I moved to Oregon and all I got were three pairs of soggy shoes

In Wine
on 21 Sep 2017

First things first: In late August I made the decision to leave Chicago and move to Oregon to work a harvest. Like most of the major life decisions I’ve made, it all came together pretty rapidly––we’re talking about a three-day window between “I should just work a harvest in Oregon” and giving notice at work––but between feeling completely disconnected from the winemaking side of the industry and nature/mountains/green spaces in general, my recently developed conviction that Oregon is making some of the most exciting wine in the world at present, and a sweet harvest gig offer that I couldn’t turn down, plus being known to enjoy a Craft Beverage and looking pretty good in flannel, I knew as soon as I signed my offer letter and made the announcement to my loved ones that this was the right decision.

Sunset at the winery

Three weeks later, I’ve remembered how to get in and out of a tank through the front door, made new friends, tasted some amazing wine, fed a llama, and am finally learning how to properly operate a forklift. Harvest officially started last week with a few tons of chardonnay and pinot noir, but thanks to a little rain and hail, which I met face to face while taking samples in the vineyards this week, I have a miraculous day off before the real work begins.

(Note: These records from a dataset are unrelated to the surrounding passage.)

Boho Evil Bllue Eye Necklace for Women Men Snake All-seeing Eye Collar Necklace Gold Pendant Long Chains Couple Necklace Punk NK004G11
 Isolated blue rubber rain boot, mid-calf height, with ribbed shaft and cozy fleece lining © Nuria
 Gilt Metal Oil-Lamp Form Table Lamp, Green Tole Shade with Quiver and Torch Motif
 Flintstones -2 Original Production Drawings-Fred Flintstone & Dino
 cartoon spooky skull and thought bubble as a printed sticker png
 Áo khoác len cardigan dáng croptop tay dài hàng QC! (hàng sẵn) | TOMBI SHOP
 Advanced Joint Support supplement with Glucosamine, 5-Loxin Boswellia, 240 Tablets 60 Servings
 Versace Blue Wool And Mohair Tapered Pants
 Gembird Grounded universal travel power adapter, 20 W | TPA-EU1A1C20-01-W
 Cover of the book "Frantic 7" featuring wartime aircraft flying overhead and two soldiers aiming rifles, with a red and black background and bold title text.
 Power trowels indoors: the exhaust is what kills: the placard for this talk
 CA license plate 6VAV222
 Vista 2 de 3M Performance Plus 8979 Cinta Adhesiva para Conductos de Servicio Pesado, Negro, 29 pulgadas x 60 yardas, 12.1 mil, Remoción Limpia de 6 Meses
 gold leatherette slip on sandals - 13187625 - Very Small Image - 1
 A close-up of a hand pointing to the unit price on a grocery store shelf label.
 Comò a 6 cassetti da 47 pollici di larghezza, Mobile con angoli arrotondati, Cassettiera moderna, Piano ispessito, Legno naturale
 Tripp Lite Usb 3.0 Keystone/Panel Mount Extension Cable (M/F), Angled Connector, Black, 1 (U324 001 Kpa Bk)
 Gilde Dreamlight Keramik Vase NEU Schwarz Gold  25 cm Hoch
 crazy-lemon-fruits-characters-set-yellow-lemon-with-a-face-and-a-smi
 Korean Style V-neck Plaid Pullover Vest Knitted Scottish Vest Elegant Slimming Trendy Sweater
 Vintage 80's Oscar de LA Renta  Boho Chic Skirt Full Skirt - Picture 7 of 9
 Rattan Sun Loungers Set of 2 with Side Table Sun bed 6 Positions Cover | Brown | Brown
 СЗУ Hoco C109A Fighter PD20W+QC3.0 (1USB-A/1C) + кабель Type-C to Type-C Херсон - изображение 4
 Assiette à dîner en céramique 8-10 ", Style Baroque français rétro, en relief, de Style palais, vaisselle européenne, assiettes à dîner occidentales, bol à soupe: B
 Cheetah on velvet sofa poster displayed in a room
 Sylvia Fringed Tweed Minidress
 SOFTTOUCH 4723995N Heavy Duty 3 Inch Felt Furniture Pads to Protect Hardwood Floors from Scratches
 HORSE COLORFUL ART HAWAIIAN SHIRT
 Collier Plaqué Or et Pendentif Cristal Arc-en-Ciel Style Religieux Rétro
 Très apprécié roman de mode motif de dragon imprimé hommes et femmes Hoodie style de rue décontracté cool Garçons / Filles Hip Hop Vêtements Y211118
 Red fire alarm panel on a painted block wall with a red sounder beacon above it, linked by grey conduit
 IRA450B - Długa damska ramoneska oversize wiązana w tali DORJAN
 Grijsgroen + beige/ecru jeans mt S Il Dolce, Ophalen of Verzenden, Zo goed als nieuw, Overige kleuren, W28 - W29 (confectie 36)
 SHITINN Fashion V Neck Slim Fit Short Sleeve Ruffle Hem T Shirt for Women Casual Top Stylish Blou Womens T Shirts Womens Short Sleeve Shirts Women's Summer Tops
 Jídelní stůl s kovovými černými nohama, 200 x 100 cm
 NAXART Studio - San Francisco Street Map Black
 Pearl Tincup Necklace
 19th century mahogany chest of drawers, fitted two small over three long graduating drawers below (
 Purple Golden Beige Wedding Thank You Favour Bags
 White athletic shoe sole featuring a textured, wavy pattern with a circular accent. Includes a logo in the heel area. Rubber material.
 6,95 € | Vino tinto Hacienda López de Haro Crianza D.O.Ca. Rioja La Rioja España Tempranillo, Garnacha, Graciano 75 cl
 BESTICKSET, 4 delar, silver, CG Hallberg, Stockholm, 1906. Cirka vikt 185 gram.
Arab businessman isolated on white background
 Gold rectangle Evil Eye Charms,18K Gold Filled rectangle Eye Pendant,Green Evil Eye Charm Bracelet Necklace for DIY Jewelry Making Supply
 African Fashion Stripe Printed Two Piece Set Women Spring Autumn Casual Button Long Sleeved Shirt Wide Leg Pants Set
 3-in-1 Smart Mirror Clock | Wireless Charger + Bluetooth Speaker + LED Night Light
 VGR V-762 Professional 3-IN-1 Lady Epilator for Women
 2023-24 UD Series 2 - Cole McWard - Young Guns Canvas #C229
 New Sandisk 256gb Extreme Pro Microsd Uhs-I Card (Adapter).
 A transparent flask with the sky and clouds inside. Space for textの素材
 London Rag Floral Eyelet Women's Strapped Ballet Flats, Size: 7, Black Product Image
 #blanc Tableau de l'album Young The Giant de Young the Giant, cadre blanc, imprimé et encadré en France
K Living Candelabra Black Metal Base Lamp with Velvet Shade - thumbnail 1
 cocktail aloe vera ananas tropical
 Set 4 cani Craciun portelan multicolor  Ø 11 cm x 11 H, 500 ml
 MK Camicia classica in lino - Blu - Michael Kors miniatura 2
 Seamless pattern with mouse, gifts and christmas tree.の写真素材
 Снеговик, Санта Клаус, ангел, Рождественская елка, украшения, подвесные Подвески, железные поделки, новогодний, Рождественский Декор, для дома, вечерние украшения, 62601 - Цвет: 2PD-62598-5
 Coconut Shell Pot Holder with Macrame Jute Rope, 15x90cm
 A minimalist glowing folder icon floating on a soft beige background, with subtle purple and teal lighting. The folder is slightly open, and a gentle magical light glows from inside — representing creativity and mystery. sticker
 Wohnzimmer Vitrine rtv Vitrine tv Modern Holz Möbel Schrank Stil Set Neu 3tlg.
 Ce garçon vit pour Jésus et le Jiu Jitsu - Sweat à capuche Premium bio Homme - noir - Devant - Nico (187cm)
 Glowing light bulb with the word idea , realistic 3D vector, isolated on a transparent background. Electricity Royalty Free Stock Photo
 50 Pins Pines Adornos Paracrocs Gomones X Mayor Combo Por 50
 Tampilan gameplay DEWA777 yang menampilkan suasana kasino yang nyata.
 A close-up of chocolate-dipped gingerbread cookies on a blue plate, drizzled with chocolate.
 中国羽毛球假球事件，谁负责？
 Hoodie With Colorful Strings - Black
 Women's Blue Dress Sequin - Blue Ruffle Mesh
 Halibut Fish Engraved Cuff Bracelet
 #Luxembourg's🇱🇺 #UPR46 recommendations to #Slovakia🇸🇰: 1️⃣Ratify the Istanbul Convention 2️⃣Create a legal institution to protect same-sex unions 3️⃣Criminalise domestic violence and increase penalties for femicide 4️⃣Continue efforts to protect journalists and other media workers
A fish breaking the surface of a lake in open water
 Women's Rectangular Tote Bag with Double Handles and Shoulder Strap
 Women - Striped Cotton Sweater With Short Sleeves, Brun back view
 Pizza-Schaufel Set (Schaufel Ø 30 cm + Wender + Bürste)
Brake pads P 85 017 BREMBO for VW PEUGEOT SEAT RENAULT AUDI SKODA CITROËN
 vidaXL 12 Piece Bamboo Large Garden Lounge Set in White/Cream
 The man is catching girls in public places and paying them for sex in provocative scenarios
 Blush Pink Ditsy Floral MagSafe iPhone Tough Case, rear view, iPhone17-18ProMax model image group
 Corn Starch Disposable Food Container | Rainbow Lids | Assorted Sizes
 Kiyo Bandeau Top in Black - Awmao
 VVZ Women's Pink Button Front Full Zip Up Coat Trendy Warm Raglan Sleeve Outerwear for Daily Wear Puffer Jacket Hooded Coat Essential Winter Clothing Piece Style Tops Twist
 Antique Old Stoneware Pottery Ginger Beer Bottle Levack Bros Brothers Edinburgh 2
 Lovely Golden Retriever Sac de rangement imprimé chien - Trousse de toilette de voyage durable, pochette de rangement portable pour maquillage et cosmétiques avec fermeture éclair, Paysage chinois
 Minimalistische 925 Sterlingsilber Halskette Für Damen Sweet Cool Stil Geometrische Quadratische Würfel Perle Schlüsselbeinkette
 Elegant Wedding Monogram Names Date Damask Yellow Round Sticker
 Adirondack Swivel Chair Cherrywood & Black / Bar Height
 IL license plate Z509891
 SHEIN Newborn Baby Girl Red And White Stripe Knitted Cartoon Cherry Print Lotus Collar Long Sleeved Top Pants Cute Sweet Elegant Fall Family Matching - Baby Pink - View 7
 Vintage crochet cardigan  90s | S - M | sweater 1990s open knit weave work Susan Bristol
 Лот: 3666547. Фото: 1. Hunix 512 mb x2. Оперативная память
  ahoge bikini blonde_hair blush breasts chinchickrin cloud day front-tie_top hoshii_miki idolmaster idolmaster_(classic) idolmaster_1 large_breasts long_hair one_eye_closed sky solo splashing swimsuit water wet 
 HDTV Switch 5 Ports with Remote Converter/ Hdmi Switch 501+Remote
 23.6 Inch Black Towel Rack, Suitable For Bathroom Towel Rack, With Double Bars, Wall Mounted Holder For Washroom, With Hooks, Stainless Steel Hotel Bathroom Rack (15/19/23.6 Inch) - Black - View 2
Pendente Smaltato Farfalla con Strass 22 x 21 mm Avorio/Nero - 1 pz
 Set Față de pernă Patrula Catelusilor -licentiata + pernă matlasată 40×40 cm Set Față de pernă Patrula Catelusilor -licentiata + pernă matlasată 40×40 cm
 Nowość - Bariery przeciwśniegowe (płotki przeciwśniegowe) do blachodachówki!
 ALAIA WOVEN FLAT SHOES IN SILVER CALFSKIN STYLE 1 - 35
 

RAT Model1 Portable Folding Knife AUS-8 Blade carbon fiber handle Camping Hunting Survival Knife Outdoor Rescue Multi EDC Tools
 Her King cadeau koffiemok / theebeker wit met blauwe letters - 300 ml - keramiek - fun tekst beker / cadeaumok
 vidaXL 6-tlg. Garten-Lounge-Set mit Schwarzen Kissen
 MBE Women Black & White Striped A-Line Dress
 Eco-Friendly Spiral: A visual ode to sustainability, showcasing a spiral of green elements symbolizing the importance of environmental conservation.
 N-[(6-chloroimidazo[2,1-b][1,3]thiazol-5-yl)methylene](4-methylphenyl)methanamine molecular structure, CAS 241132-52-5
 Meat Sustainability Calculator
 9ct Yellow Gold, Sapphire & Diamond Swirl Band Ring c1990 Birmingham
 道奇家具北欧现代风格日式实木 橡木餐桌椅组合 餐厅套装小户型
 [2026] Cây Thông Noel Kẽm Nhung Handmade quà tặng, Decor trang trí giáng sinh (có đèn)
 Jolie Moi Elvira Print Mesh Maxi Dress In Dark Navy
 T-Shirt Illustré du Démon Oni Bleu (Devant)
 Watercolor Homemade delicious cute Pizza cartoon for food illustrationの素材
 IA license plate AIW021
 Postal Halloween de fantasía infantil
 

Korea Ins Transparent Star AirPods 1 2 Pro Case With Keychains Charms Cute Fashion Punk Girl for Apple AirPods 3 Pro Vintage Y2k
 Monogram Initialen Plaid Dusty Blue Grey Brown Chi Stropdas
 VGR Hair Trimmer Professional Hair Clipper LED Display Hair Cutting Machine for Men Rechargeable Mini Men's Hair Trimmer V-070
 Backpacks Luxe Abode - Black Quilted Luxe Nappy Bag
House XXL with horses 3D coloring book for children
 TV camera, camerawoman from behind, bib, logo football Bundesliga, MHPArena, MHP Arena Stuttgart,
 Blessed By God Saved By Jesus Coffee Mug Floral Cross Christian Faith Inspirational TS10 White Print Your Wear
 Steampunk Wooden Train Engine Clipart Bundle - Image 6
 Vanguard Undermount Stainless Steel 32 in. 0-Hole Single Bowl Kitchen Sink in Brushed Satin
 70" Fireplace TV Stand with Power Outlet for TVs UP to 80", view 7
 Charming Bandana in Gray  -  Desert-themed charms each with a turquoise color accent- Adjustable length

About that hail: While there was concern about some berry splitting and possible botrytis in the vineyards, our fruit generally looks good and this adverse early-harvest weather wasn’t the crisis that it would be in some of the places I’ve worked. Wildfires, too, were a huge concern from a general safety standpoint (as an asthma sufferer I had to wear a respirator outside a few times) a couple weeks ago, but I heard very little of the much-publicized concerns of “smoke taint” that made the rounds. Honestly the missed work many agriculture workers experienced due to the hazardous air quality was a much bigger concern, as they rely on that seasonal overtime pay to compensate for slower times the rest of the year.

Everything I’m learning here in Oregon is going to require multiple posts, but for now let’s just say I am extremely happy, exhausted in a good way, and more convinced than ever of Oregon’s momentum as a wine region.

Julia Burke is a wine educator and writer.